The linguistic database in InfoCodex contains over three
million classified words/phrases linked to a universal taxonomy (ontology).
This forms the basis for the cross-lingual content recognition ("understanding
the content of a document"), and for the automatic document categorization
by the integrated neural network technology ("grouping of the documents
in well-organized bookshelves").
It is chiefly the linguistic database that enables InfoCodex to automatically
match documents according to their content and to categorize these documents
without any cumbersome training.
How is the linguistic database kept up-to-date?

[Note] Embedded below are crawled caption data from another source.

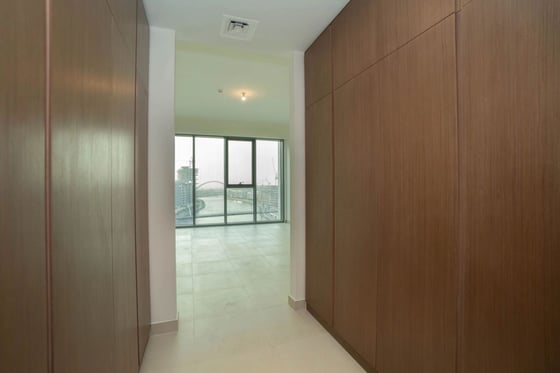 Waterfront Living | Canal View | High Floor, picture 6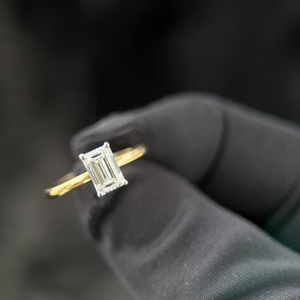 Anillo de Diamantes con Corte Esmeralda en Oro Amarillo de 14K, 1.00 Quilates, Color E, VVS2, Certificado IGI, Chapado en Rodio, Joyería para Regalo de Boda o Fiesta - Product Image 5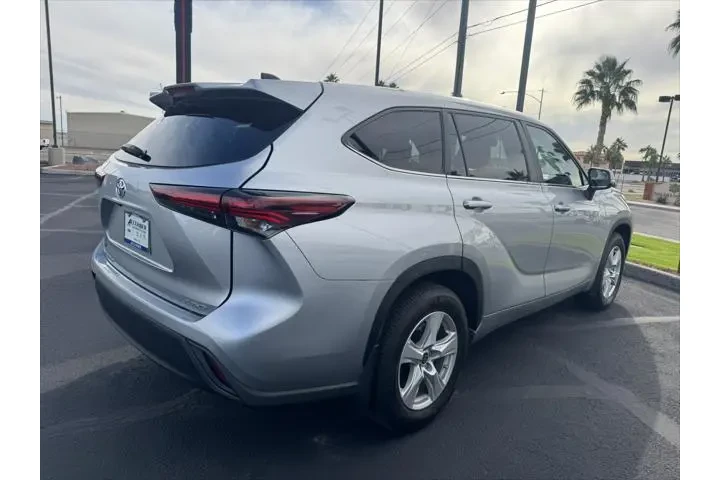 $36436 : Toyota Highlander 2024 AWD L image 5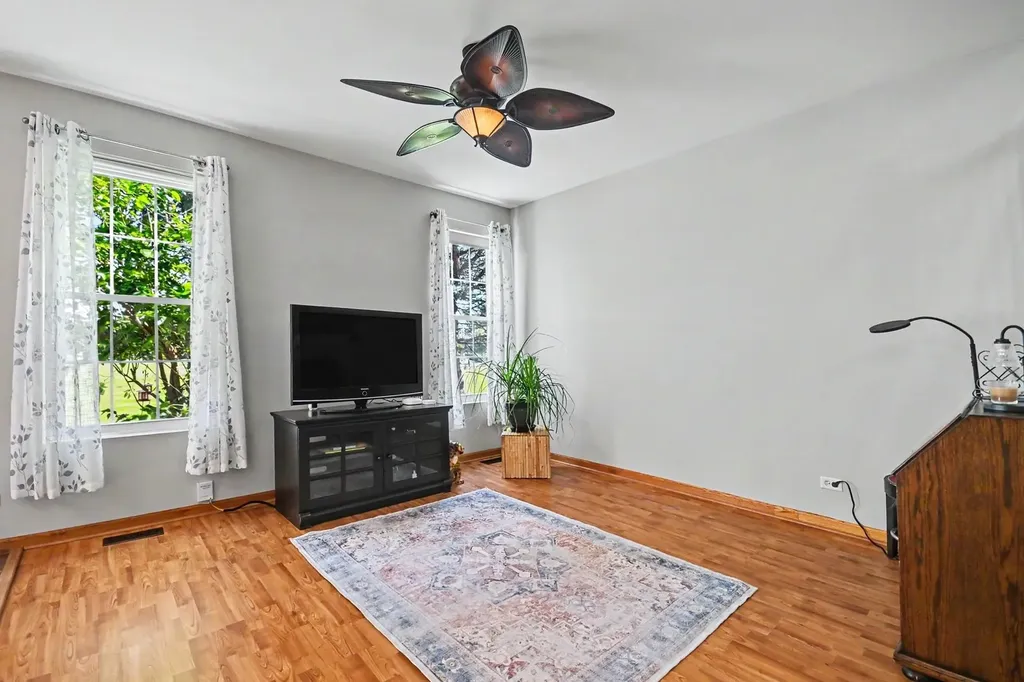 24044 Walnut Circle Plainfield IL 60585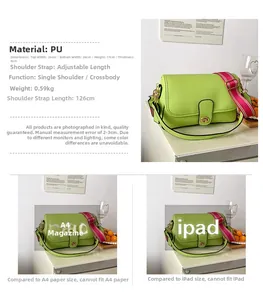 Vue détaillée du sac bandoulière vert en PU avec sangle rose rayée et dimensions
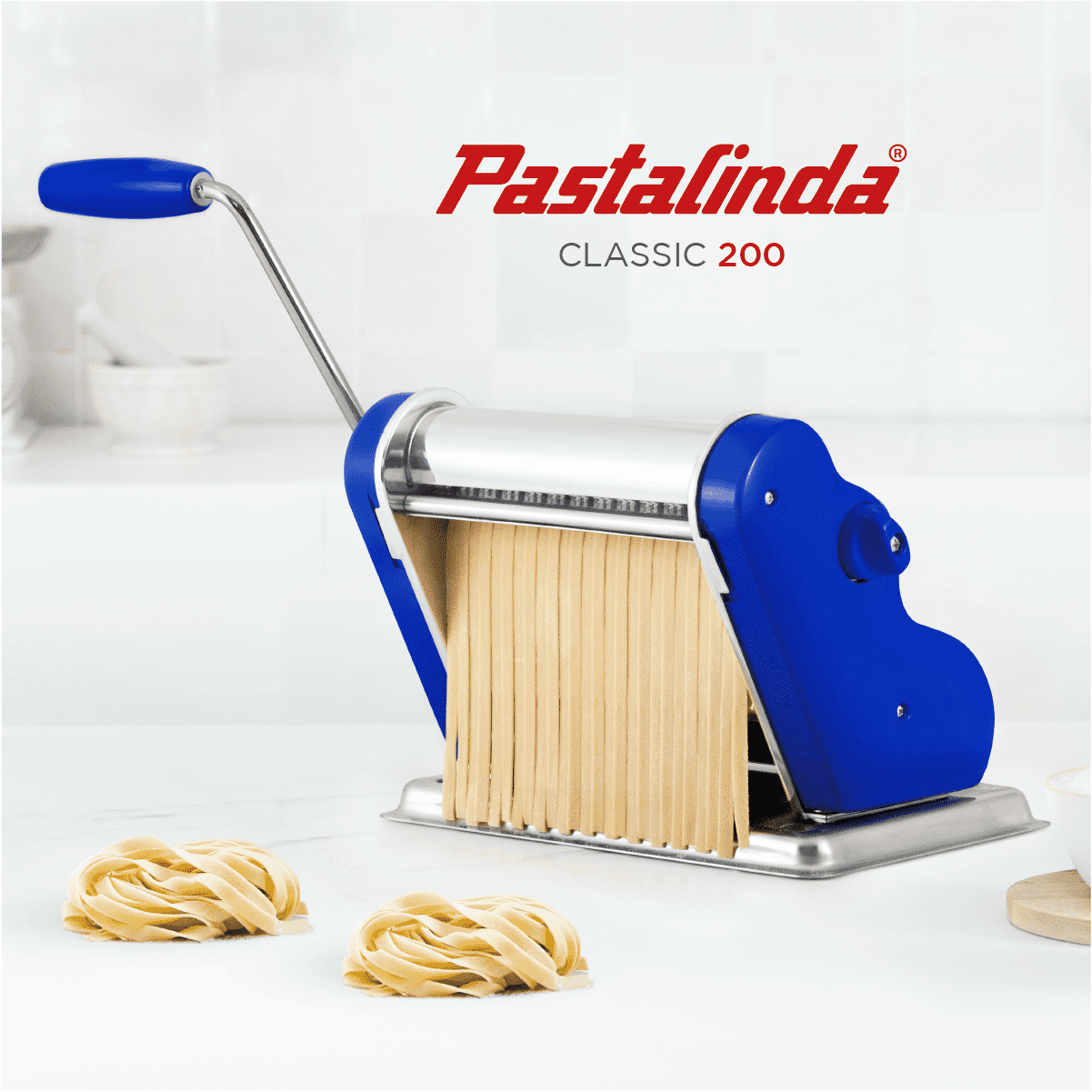 https://www.pastalindausa.com/cdn/shop/files/pastalinda-pasta-maker-machine-default-title-pastalinda-classic-200-blue-pasta-maker-machine-with-hand-crank-and-two-clamps-41574152175897.png?v=1698235431&width=1445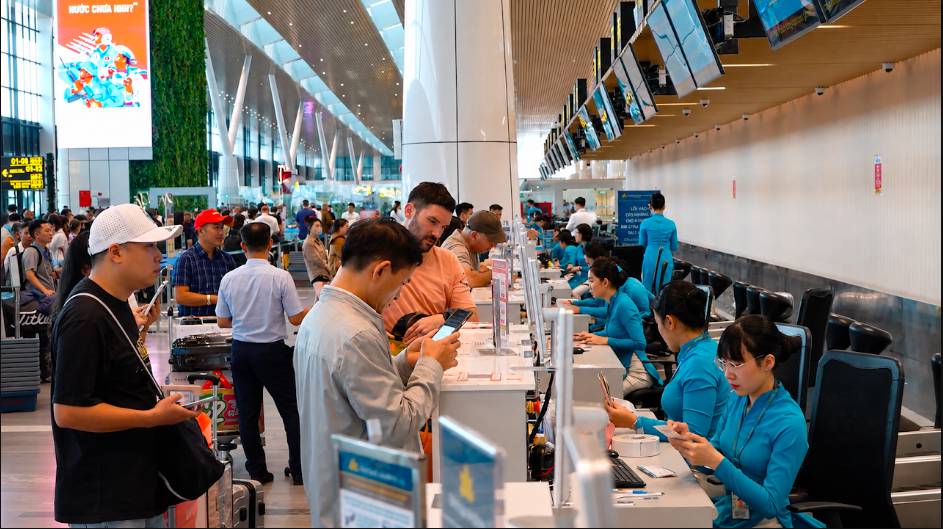 Vé máy bay Tết 2027 bắt đầu mở bán, Vietnam Airlines tung gần 3,7 triệu chỗ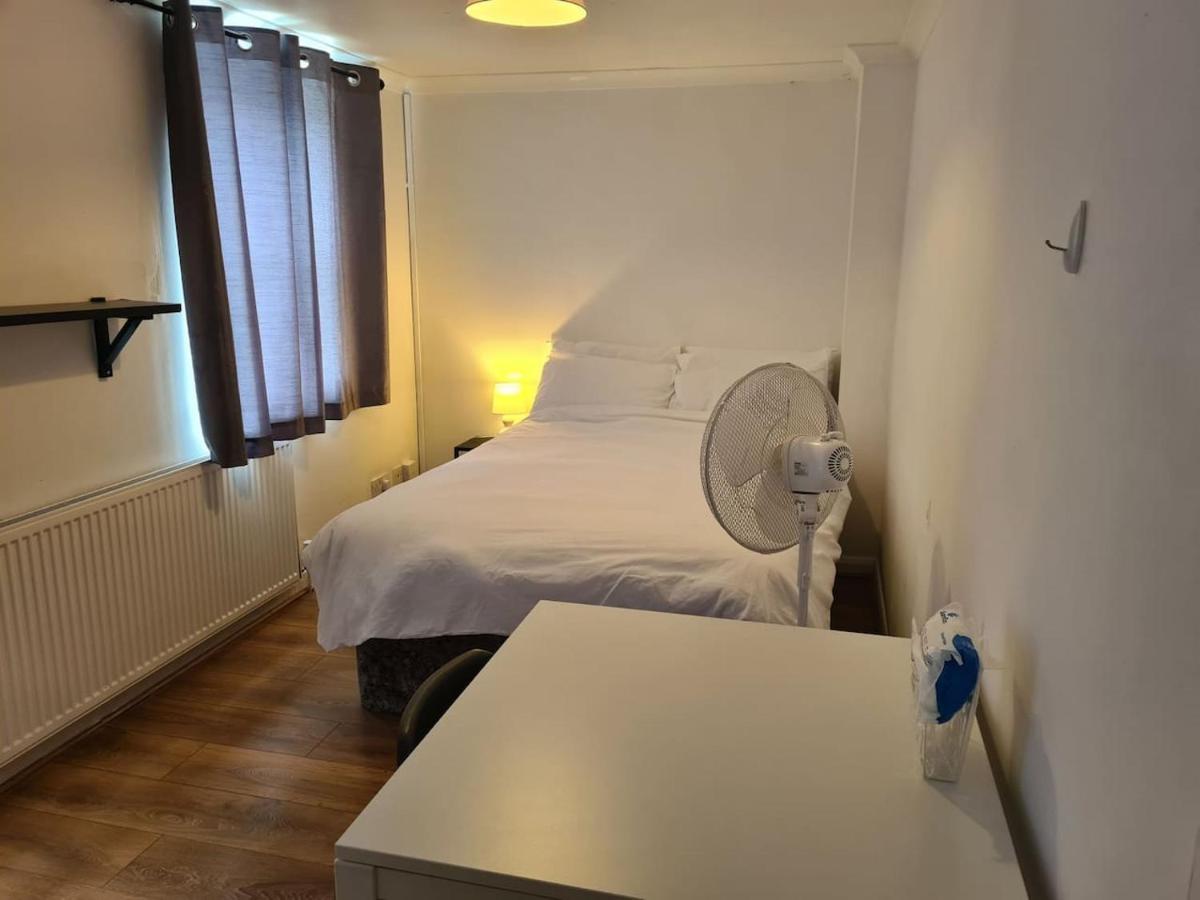 Close To Tower Bridge - 4 Bedroom House - 3 Bathrooms - Free Parking 3 Cars - Sleep 9 Сasa de vacaciones *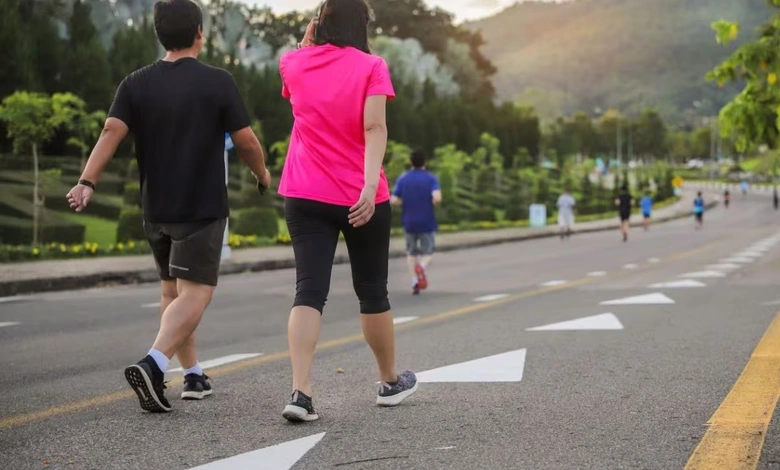 Morning or Evening Walks: Which Time Boosts Your Health Best?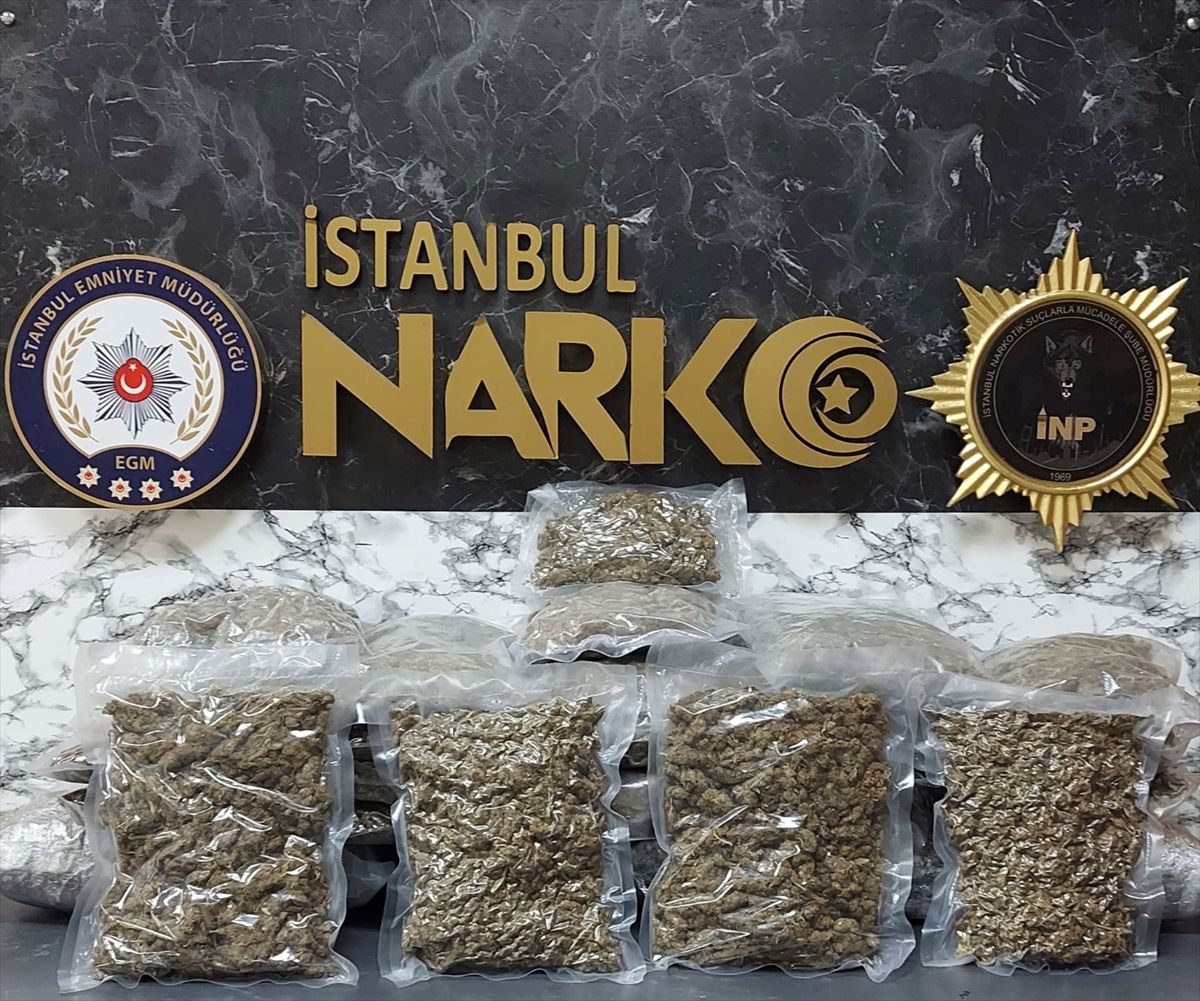 İstanbul\'da Uyuşturucu Operasyonu: 4 Gözaltı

InfoCodex' linguistic database is based on some 100 major
sources such as the WordNet of the Princeton University, the EuroVoc
of the EU, the AgriVoc of the United Nations. It is continuously updated
from these sources, and it is also extended with names of new celebrites
and with new brands.
Can users supply their own vocabularies and their own
thesaurus?
Yes, they can. For example, a German manufacturer of electronic
components has easily integrated a structured list of 50,000 parts in
the form of a front-end linguistic database; this list will have priority
over the standard InfoCodex linguistic database.
However, in most cases, neither special vocabularies nor
a thesaurus are needed. Adding a thesaurus with 8,000 words to InfoCodex
is not an improvement from 0 to 8,000 words, but merely an increase
from the already existing 3,000,000 words/phrases to 3,008,000, which
represents an increase of less than 0.3%.